» **WHAT THE TASK ASKS**
Each entry is to be retyped exactly as it stands.

Start of EXTRACTED INFORMATION

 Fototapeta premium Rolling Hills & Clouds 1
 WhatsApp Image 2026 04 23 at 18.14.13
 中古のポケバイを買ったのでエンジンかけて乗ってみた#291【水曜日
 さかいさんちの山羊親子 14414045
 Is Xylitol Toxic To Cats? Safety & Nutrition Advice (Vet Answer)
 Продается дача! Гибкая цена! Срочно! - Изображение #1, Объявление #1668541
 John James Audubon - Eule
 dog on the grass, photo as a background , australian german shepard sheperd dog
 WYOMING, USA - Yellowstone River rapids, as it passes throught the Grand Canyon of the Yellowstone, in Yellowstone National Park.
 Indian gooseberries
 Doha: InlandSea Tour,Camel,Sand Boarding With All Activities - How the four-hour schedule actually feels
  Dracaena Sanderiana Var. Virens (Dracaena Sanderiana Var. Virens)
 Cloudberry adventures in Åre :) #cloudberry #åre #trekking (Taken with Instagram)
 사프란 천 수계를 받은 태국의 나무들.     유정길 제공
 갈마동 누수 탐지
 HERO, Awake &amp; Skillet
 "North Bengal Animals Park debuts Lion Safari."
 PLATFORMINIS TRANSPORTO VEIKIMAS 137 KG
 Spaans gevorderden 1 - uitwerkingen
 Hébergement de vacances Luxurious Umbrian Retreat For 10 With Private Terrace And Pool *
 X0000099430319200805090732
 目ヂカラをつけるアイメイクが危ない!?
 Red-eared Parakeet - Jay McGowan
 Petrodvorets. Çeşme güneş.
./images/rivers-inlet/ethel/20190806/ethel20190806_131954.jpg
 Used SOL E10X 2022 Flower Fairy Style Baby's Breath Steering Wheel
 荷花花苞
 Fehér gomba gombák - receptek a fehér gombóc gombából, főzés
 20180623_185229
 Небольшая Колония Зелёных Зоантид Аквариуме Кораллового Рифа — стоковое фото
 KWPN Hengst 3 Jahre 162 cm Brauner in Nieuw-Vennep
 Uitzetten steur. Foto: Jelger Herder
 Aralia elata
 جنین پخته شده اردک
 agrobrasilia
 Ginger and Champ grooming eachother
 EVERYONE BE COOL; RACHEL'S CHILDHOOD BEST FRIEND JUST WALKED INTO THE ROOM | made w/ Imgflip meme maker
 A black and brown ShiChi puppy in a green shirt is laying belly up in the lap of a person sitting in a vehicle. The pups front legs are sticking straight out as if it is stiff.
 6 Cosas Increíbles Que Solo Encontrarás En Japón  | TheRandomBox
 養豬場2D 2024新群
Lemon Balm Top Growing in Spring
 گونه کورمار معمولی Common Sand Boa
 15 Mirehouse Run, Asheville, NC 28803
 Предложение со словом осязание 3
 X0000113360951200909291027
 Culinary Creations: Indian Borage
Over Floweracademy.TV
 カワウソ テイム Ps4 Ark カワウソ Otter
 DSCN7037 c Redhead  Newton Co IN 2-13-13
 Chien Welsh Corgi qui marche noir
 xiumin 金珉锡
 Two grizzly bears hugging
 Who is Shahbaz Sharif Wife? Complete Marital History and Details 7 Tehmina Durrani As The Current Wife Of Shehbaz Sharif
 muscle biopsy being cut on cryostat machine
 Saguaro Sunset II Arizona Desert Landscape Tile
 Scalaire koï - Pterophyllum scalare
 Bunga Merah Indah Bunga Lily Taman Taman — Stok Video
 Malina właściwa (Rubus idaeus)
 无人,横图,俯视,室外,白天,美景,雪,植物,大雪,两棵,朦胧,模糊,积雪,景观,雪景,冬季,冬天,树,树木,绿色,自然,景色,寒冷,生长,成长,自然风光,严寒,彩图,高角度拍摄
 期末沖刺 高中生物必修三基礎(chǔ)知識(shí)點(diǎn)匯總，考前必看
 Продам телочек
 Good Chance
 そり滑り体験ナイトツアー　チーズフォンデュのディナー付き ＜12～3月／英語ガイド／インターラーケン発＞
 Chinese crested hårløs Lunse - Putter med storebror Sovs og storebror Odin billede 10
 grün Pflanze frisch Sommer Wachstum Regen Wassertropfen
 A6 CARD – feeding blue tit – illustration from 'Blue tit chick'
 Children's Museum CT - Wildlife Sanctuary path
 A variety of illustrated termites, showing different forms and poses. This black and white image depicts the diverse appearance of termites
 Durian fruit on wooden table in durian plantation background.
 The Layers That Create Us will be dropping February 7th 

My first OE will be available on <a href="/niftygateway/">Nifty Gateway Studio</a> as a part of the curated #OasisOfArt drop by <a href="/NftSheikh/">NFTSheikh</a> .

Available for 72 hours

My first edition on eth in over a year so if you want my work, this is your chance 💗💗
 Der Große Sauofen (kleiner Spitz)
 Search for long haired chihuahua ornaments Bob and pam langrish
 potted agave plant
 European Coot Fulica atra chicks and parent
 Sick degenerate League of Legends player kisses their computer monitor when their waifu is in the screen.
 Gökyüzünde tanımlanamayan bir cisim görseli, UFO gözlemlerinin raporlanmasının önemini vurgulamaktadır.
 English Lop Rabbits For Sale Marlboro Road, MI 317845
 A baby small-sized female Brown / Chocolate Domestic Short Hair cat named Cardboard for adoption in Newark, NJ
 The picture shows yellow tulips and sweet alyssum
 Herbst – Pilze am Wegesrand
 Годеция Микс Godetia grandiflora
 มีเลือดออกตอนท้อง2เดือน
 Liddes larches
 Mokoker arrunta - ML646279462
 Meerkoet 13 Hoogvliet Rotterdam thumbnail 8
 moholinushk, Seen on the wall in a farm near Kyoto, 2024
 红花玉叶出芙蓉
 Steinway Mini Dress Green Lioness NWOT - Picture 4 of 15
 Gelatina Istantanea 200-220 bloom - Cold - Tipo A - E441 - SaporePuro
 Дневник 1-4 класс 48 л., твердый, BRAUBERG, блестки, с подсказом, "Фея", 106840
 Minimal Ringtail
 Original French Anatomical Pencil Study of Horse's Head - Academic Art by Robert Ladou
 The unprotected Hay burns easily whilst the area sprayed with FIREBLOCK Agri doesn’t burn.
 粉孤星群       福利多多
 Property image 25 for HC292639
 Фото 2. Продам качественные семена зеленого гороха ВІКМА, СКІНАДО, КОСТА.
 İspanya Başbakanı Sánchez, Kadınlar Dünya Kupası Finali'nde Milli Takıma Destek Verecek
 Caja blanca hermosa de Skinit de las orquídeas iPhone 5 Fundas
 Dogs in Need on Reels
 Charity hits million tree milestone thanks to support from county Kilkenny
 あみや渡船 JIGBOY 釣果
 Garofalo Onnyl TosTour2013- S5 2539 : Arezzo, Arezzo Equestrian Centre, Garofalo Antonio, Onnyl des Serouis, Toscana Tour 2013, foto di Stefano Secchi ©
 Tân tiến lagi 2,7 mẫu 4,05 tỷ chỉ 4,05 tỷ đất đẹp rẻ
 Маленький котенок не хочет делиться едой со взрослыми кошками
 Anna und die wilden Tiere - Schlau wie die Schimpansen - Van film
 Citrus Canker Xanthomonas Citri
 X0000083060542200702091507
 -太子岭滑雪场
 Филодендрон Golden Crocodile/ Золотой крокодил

End of EXTRACTED INFORMATION

» **WRITTEN RESPONSE**
 Fototapeta premium Rolling Hills & Clouds 1
 WhatsApp Image 2026 04 23 at 18.14.13
 中古のポケバイを買ったのでエンジンかけて乗ってみた#291【水曜日
 さかいさんちの山羊親子 14414045
 Is Xylitol Toxic To Cats? Safety & Nutrition Advice (Vet Answer)
 Продается дача! Гибкая цена! Срочно! - Изображение #1, Объявление #1668541
 John James Audubon - Eule
 dog on the grass, photo as a background , australian german shepard sheperd dog
 WYOMING, USA - Yellowstone River rapids, as it passes throught the Grand Canyon of the Yellowstone, in Yellowstone National Park.
 Indian gooseberries
 Doha: InlandSea Tour,Camel,Sand Boarding With All Activities - How the four-hour schedule actually feels
  Dracaena Sanderiana Var. Virens (Dracaena Sanderiana Var. Virens)
 Cloudberry adventures in Åre :) #cloudberry #åre #trekking (Taken with Instagram)
 사프란 천 수계를 받은 태국의 나무들.     유정길 제공
 갈마동 누수 탐지
 HERO, Awake &amp; Skillet
 "North Bengal Animals Park debuts Lion Safari."
 PLATFORMINIS TRANSPORTO VEIKIMAS 137 KG
 Spaans gevorderden 1 - uitwerkingen
 Hébergement de vacances Luxurious Umbrian Retreat For 10 With Private Terrace And Pool *
 X0000099430319200805090732
 目ヂカラをつけるアイメイクが危ない!?
 Red-eared Parakeet - Jay McGowan
 Petrodvorets. Çeşme güneş.
./images/rivers-inlet/ethel/20190806/ethel20190806_131954.jpg
 Used SOL E10X 2022 Flower Fairy Style Baby's Breath Steering Wheel
 荷花花苞
 Fehér gomba gombák - receptek a fehér gombóc gombából, főzés
 20180623_185229
 Небольшая Колония Зелёных Зоантид Аквариуме Кораллового Рифа — стоковое фото
 KWPN Hengst 3 Jahre 162 cm Brauner in Nieuw-Vennep
 Uitzetten steur. Foto: Jelger Herder
 Aralia elata
 جنین پخته شده اردک
 agrobrasilia
 Ginger and Champ grooming eachother
 EVERYONE BE COOL; RACHEL'S CHILDHOOD BEST FRIEND JUST WALKED INTO THE ROOM | made w/ Imgflip meme maker
 A black and brown ShiChi puppy in a green shirt is laying belly up in the lap of a person sitting in a vehicle. The pups front legs are sticking straight out as if it is stiff.
 6 Cosas Increíbles Que Solo Encontrarás En Japón  | TheRandomBox
 養豬場2D 2024新群
Lemon Balm Top Growing in Spring
 گونه کورمار معمولی Common Sand Boa
 15 Mirehouse Run, Asheville, NC 28803
 Предложение со словом осязание 3
 X0000113360951200909291027
 Culinary Creations: Indian Borage
Over Floweracademy.TV
 カワウソ テイム Ps4 Ark カワウソ Otter
 DSCN7037 c Redhead  Newton Co IN 2-13-13
 Chien Welsh Corgi qui marche noir
 xiumin 金珉锡
 Two grizzly bears hugging
 Who is Shahbaz Sharif Wife? Complete Marital History and Details 7 Tehmina Durrani As The Current Wife Of Shehbaz Sharif
 muscle biopsy being cut on cryostat machine
 Saguaro Sunset II Arizona Desert Landscape Tile
 Scalaire koï - Pterophyllum scalare
 Bunga Merah Indah Bunga Lily Taman Taman — Stok Video
 Malina właściwa (Rubus idaeus)
 无人,横图,俯视,室外,白天,美景,雪,植物,大雪,两棵,朦胧,模糊,积雪,景观,雪景,冬季,冬天,树,树木,绿色,自然,景色,寒冷,生长,成长,自然风光,严寒,彩图,高角度拍摄
 期末沖刺 高中生物必修三基礎(chǔ)知識(shí)點(diǎn)匯總，考前必看
 Продам телочек
 Good Chance
 そり滑り体験ナイトツアー　チーズフォンデュのディナー付き ＜12～3月／英語ガイド／インターラーケン発＞
 Chinese crested hårløs Lunse - Putter med storebror Sovs og storebror Odin billede 10
 grün Pflanze frisch Sommer Wachstum Regen Wassertropfen
 A6 CARD – feeding blue tit – illustration from 'Blue tit chick'
 Children's Museum CT - Wildlife Sanctuary path
 A variety of illustrated termites, showing different forms and poses. This black and white image depicts the diverse appearance of termites
 Durian fruit on wooden table in durian plantation background.
 The Layers That Create Us will be dropping February 7th 

My first OE will be available on <a href="/niftygateway/">Nifty Gateway Studio</a> as a part of the curated #OasisOfArt drop by <a href="/NftSheikh/">NFTSheikh</a> .

Available for 72 hours

My first edition on eth in over a year so if you want my work, this is your chance 💗💗
 Der Große Sauofen (kleiner Spitz)
 Search for long haired chihuahua ornaments Bob and pam langrish
 potted agave plant
 European Coot Fulica atra chicks and parent
 Sick degenerate League of Legends player kisses their computer monitor when their waifu is in the screen.
 Gökyüzünde tanımlanamayan bir cisim görseli, UFO gözlemlerinin raporlanmasının önemini vurgulamaktadır.
 English Lop Rabbits For Sale Marlboro Road, MI 317845
 A baby small-sized female Brown / Chocolate Domestic Short Hair cat named Cardboard for adoption in Newark, NJ
 The picture shows yellow tulips and sweet alyssum
 Herbst – Pilze am Wegesrand
 Годеция Микс Godetia grandiflora
 มีเลือดออกตอนท้อง2เดือน
 Liddes larches
 Mokoker arrunta - ML646279462
 Meerkoet 13 Hoogvliet Rotterdam thumbnail 8
 moholinushk, Seen on the wall in a farm near Kyoto, 2024
 红花玉叶出芙蓉
 Steinway Mini Dress Green Lioness NWOT - Picture 4 of 15
 Gelatina Istantanea 200-220 bloom - Cold - Tipo A - E441 - SaporePuro
 Дневник 1-4 класс 48 л., твердый, BRAUBERG, блестки, с подсказом, "Фея", 106840
 Minimal Ringtail
 Original French Anatomical Pencil Study of Horse's Head - Academic Art by Robert Ladou
 The unprotected Hay burns easily whilst the area sprayed with FIREBLOCK Agri doesn’t burn.
 粉孤星群       福利多多
 Property image 25 for HC292639
 Фото 2. Продам качественные семена зеленого гороха ВІКМА, СКІНАДО, КОСТА.
 İspanya Başbakanı Sánchez, Kadınlar Dünya Kupası Finali'nde Milli Takıma Destek Verecek
 Caja blanca hermosa de Skinit de las orquídeas iPhone 5 Fundas
 Dogs in Need on Reels
 Charity hits million tree milestone thanks to support from county Kilkenny
 あみや渡船 JIGBOY 釣果
 Garofalo Onnyl TosTour2013- S5 2539 : Arezzo, Arezzo Equestrian Centre, Garofalo Antonio, Onnyl des Serouis, Toscana Tour 2013, foto di Stefano Secchi ©
 Tân tiến lagi 2,7 mẫu 4,05 tỷ chỉ 4,05 tỷ đất đẹp rẻ
 Маленький котенок не хочет делиться едой со взрослыми кошками
 Anna und die wilden Tiere - Schlau wie die Schimpansen - Van film
 Citrus Canker Xanthomonas Citri
 X0000083060542200702091507
 -太子岭滑雪场
 Филодендрон Golden Crocodile/ Золотой крокодил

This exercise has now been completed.